Research Title: Impact of Concurrent Antibiotic Use on Effectiveness of Immune Checkpoint Inhibitors in Patients with Metastatic Non-Small Cell Lung Cancer (NSCLC)

“There were almost 200,000 new cases of non-small cell lung cancer (NSCLC) in the U.S. in 2018. Prior to 2011, platinum-based chemotherapy was the standard of care for NSCLC, yet most patients did not survive for more than one year. The first drug in a new class, known as immune checkpoint inhibitors (ICIs or immunotherapies), entered the market in 2011 and since then six other ICIs have been approved by the FDA. The effectiveness of ICIs in patients with advanced NSCLC is proven to significantly improve both progression-free survival and the overall survival rate. While these new ICIs are promising, they face some challenges. First, more than 50% of NSCLC patients experience infections and are treated with antibiotics. However, animal studies and lab findings suggest that the use of antibiotics may limit, or even inhibit, the effectiveness of the otherwise promising ICIs. Second, these therapies are very expensive, with costs of over $200,000 for a year of treatment.

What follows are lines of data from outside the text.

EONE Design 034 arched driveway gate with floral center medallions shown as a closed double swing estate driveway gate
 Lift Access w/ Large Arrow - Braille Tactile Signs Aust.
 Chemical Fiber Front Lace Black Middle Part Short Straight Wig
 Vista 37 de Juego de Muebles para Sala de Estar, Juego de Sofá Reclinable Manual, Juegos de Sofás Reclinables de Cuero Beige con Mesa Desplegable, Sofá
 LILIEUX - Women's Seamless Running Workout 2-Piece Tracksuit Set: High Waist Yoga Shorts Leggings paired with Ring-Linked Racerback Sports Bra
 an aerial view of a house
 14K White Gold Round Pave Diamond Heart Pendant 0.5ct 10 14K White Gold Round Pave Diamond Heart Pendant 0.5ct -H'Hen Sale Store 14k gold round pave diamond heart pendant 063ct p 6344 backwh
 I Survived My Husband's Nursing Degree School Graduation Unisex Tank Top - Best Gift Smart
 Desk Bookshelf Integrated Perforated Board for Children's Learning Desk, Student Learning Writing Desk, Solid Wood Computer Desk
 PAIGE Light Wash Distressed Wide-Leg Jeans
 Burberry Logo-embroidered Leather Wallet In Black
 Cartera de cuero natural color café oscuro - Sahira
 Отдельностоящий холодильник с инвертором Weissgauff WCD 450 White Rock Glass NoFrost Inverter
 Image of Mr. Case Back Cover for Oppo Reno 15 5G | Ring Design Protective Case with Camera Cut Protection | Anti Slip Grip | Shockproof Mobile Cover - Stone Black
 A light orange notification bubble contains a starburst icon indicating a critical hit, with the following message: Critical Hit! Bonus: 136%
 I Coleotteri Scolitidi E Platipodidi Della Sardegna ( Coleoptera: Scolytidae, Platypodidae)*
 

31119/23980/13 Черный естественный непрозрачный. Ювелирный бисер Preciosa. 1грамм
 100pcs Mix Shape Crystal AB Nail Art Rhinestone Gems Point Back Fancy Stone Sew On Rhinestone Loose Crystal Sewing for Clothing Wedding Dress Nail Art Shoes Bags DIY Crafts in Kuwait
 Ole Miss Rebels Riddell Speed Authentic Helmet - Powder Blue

As a result, there is a pressing need for evidence-based clinical guidance on the use of ICI agents, including appropriate use when prescribed concurrently with antibiotics. The overall objective of my research is to determine if the use of antibiotics concurrently with ICI therapy in advanced NSCLC patients affects the outcome of ICI therapy. Previous clinical trials, with relatively small sample sizes of just 30-100 patients, have been inconclusive. This research project will use real-world data from the SEER database-a large registry of cancer patients covering a period of more than five years. This data will be used to evaluate three specific aims: (1) determine the prevalence of antibiotic use concurrent with ICI initiation in metastatic NSCLC patients; (2) compare the duration of ICI therapy (i.e., effectiveness) between metastatic NSCLC patients who are receiving current antibiotic treatment at the time of ICI initiation and the ICI duration in similar patients who do not use antibiotics concurrently; and (3) evaluate the relationship between duration of concurrent antibiotic use and duration of ICI therapy in metastatic NSCLC patients.”